● **Required work**
Using the material below, repeat exactly the lines from the one with "Vanessa Buholzer Photography" through the one with "Tesla Cybertruck Silicone", ends included, without any images.

········

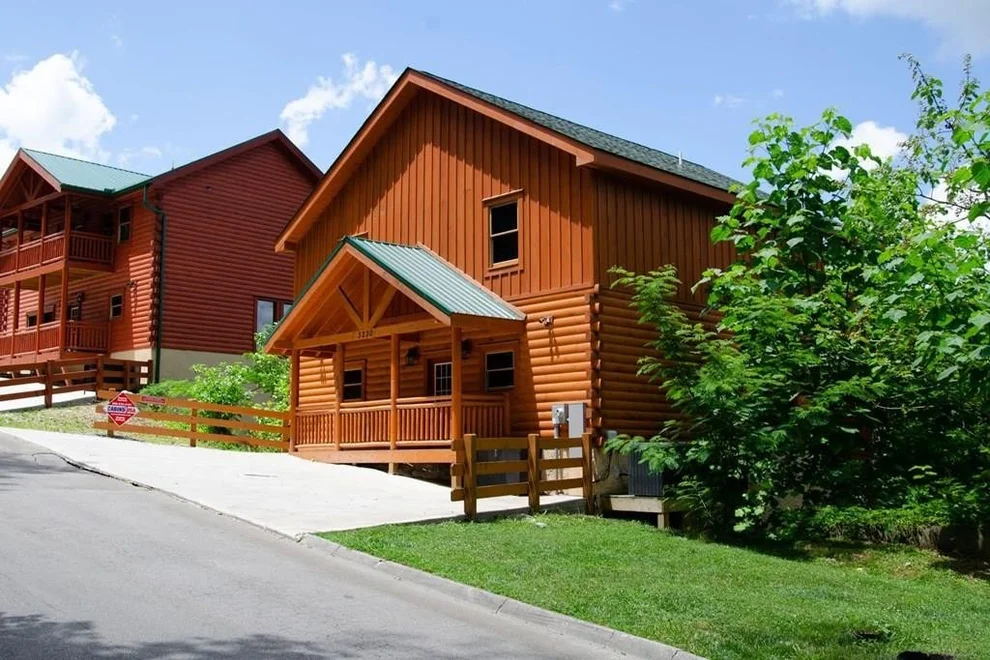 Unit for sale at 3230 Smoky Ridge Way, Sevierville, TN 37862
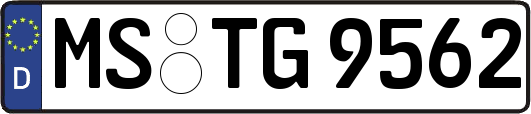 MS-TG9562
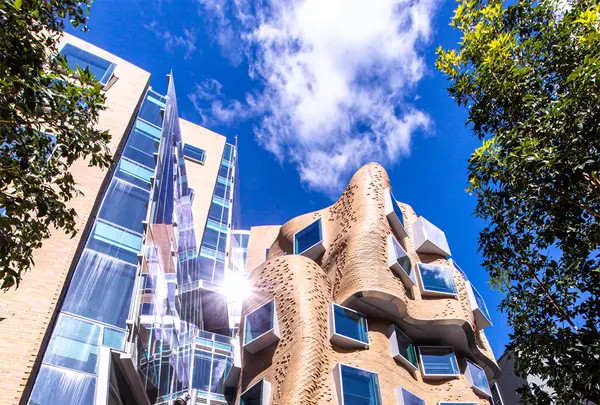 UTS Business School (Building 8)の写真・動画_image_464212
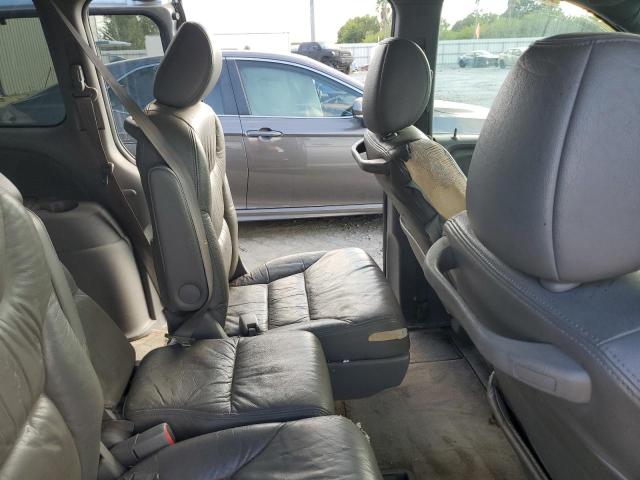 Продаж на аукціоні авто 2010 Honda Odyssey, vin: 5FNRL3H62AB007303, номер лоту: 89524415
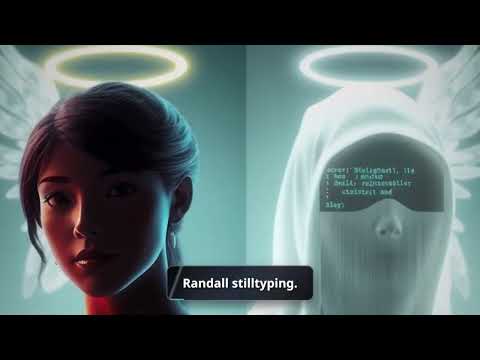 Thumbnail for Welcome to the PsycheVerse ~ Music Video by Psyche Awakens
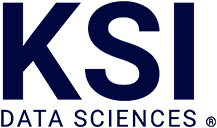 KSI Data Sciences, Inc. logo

········

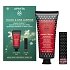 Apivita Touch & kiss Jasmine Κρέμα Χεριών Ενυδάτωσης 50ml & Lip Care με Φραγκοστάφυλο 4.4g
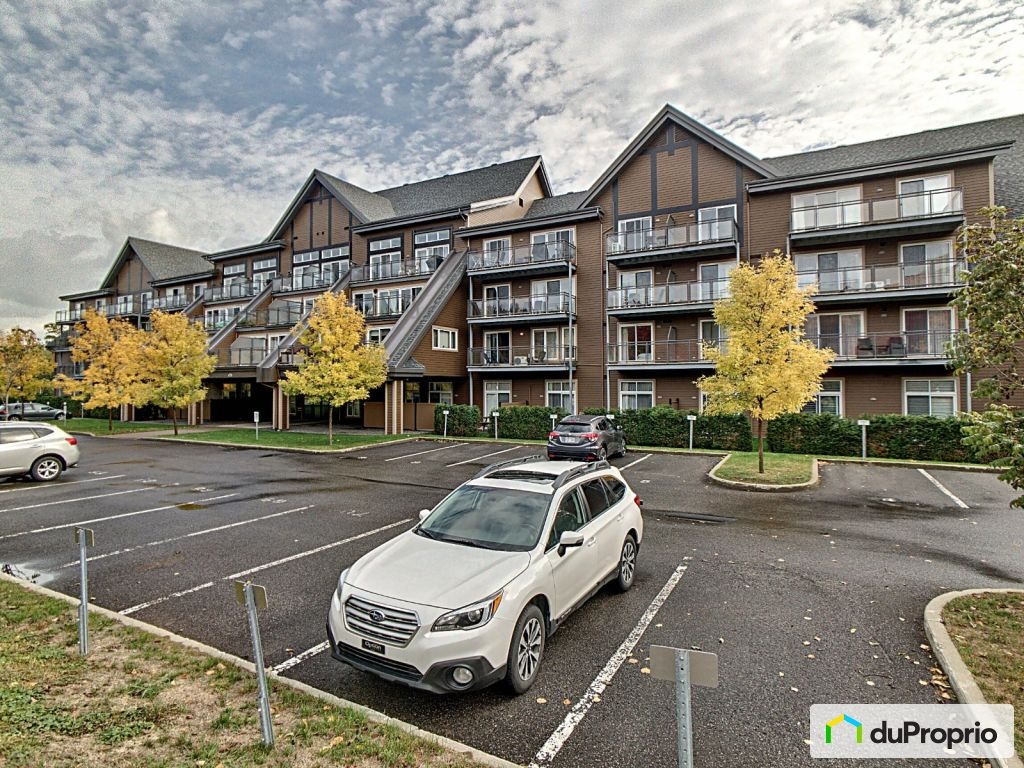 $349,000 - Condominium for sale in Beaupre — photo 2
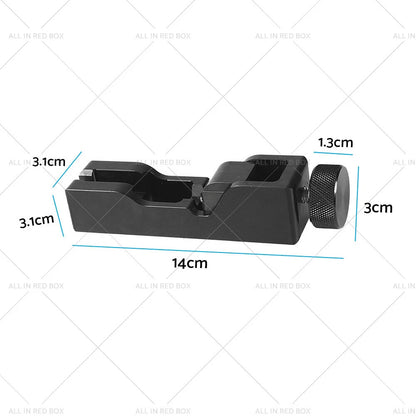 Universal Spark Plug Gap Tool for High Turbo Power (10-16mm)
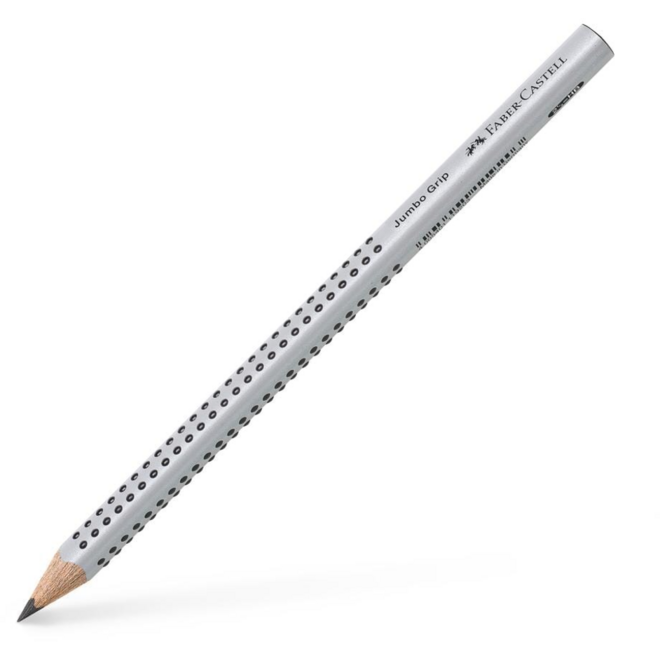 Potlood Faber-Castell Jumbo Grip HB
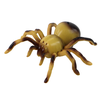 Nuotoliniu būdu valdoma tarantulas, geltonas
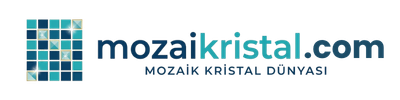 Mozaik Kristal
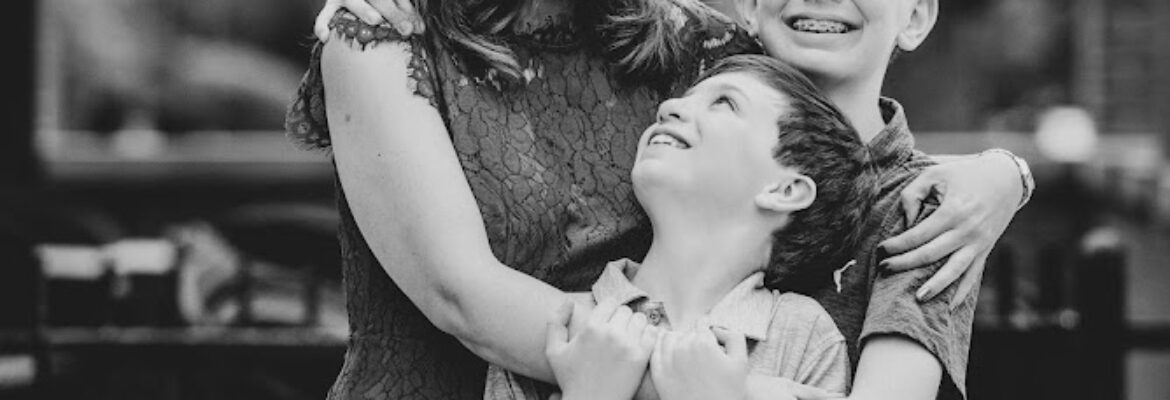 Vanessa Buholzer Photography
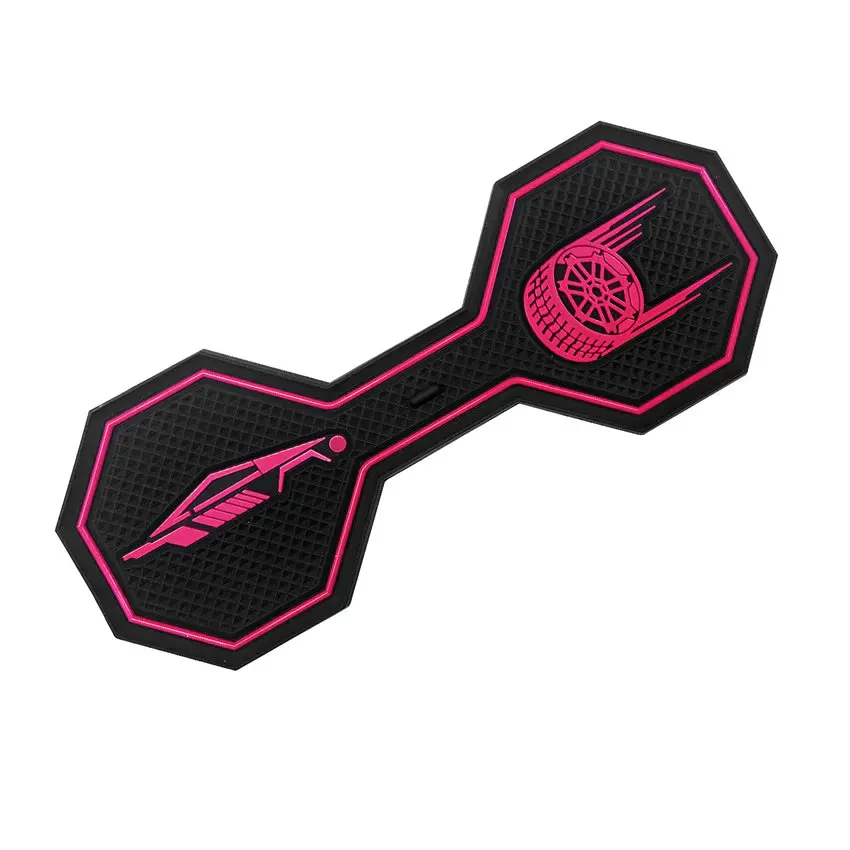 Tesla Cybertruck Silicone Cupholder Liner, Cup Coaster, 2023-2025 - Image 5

········

● **Solution**
 Vanessa Buholzer Photography
 Tesla Cybertruck Silicone Cupholder Liner, Cup Coaster, 2023-2025 - Image 5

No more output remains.